Question 1193365: A random sample of n=48 is to be used to test the hypothesis that the mean of a normal population with standard deviation σ = 7 is equal to 54 against the alternative hypothesis that it is less than 54. If that hypothesis is to be rejected if and only if the mean of the random sample is less than x̄ < 49, find:
(a) the probability of committing a Type I error.
(b) the probability of committing a Type II error when μ = 45.
(a) P(Type I Error) =
(b) P(Type II Error) =
Answer by CPhill(1987)   (Show Source):
You can put this solution on YOUR website! **1. Define**
* **Type I Error:** Rejecting the null hypothesis (H0: μ = 54) when it is actually true.
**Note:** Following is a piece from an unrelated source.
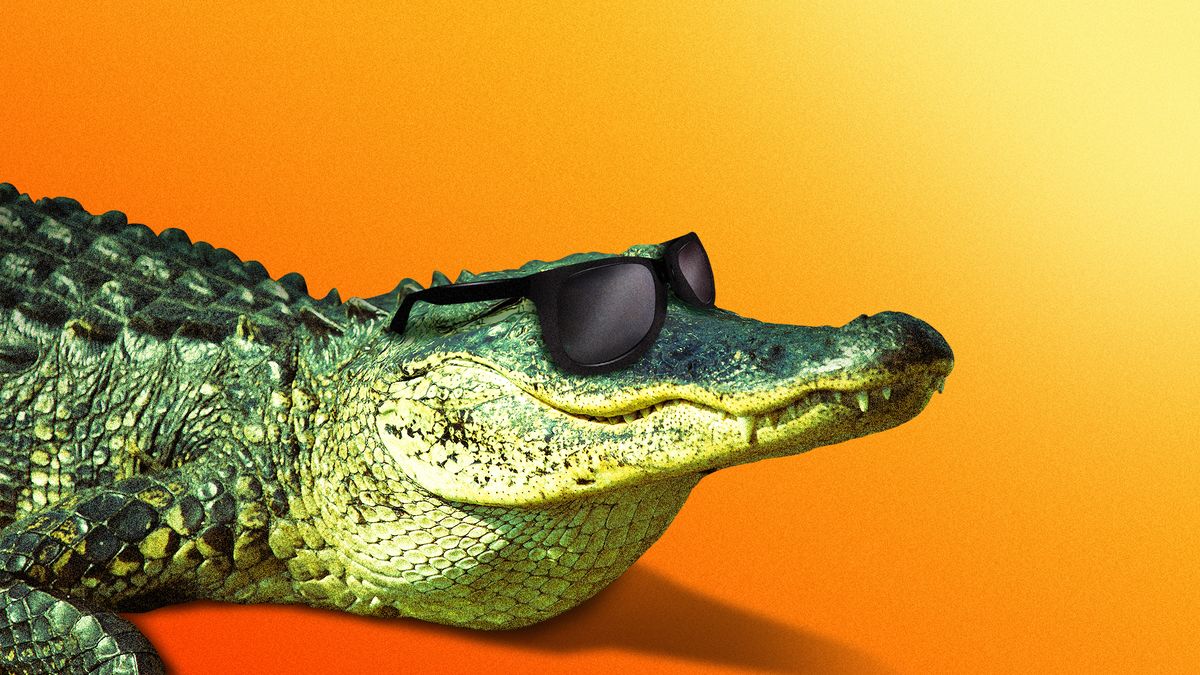 Alligator wearing sunglasses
* **Type II Error:** Failing to reject the null hypothesis (H0: μ = 54) when the alternative hypothesis (H1: μ < 54) is true.
**2. (a) Probability of Type I Error**
* **Find the z-score corresponding to the critical value (x̄ = 49):**
* z = (x̄ - μ) / (σ / √n)
* z = (49 - 54) / (7 / √48)
* z = -5 / (7 / 6.928)
* z ≈ -4.94
* **Find the probability of getting a z-score less than -4.94:**
* Using a standard normal distribution table or a calculator, we find P(Z < -4.94) is extremely small (approximately 0).
* **Therefore, the probability of committing a Type I error is approximately 0.**
**3. (b) Probability of Type II Error (when μ = 45)**
* **Find the z-score corresponding to the critical value (x̄ = 49) under the alternative hypothesis (μ = 45):**
* z = (x̄ - μ) / (σ / √n)
* z = (49 - 45) / (7 / √48)
* z = 4 / (7 / 6.928)
* z ≈ 3.94
* **Find the probability of getting a z-score greater than 3.94 under the alternative hypothesis:**
* P(Z > 3.94) = 1 - P(Z < 3.94)
* Using a standard normal distribution table or a calculator, we find P(Z < 3.94) is very close to 1.
* Therefore, P(Z > 3.94) is very small (approximately 0).
* **Therefore, the probability of committing a Type II error when μ = 45 is approximately 0.**
**In Summary:**
* **(a) P(Type I Error) ≈ 0**
* **(b) P(Type II Error) ≈ 0**
**Note:** These probabilities are very small due to the large sample size (n = 48) and the significant difference between the hypothesized mean (μ = 54) and the alternative mean (μ = 45).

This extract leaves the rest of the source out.